Iguales vulnerables

Todos, hombres y mujeres, cualquiera sea su orientación sexual, color, tamaño o historia somos iguales y vulnerables frente al primer beso.

No necesariamente el primer beso de tu vida es o será el perfecto. A veces y con algo de suerte podes experimentar primeros besos mucho mejores a ese de adolescente del pasado. Sin duda, hay que investigar. Buscar ese que te pone la piel de gallina. Te afloja las piernas. Te sacude el cuerpo y explota en la boca.

Iguales y vulnerables. Todos. No los besos. Nosotros.

Me cuesta pensar en un momento más vulnerablemente placentero que esos segundos, instantes previos al primer beso. Las sonrisas cómplices. Las miradas. Las caricias. Los nervios. Sea el momento que sea, nos rendimos y nos abrimos a descubrir algo nuevo, si y sólo si estás decidido a rendirte a los labios de otra persona.

¿Y qué pasaría si ese momento, esa sensación se vuelve filmación? Tatia Pllieva pensó en unir 20 desconocidos y preguntarles si querían besarse por primera vez. Los resultados son deliciosos. Tan raros que cuando vi el video por primera vez me hizo cerrar los ojos y recordar el último primer beso.

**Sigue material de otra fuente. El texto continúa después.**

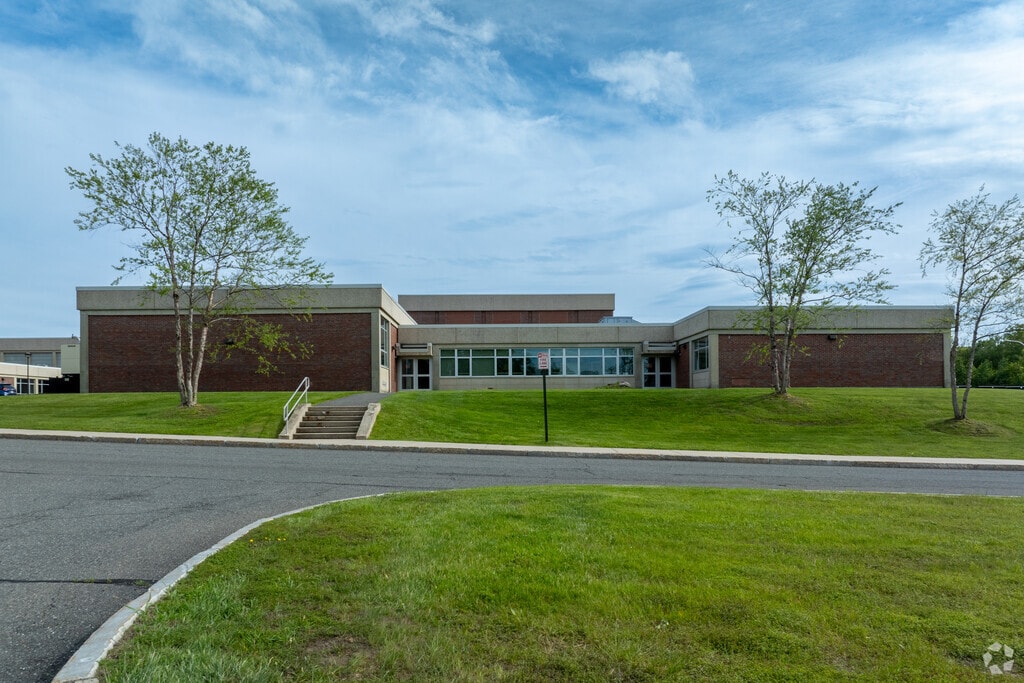 Hoosac Valley Middle School has an overall grade of C+ on Niche.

Les deseo para hoy algo similar. 
Si tienen la suerte de estar con alguien y la rutina les sacó el sabor y el por qué del beso, háganse felices y vuelvan a besar. Como antes. Como la primera vez.

Lleguen a casa. Mírense a los ojos. Búsquese. Encuéntrense y creen un primer beso otra vez. Todo el secreto está ahí.

Y lo que viene después sólo lo tienen que disfrutar.

1 comentario:

  1. Mi primer beso... no lo podía creer, tardamos bastante en darnosló... éramos chicos... camino a la casa de ella. Fué como tocar el cielo. Y hoy cada vez que nos damos un beso apasionado como ese, siento la misma sensación. A veces un beso que realmente nace del alma, nos lleva a que esa sensación sea lo más parecido al Amor.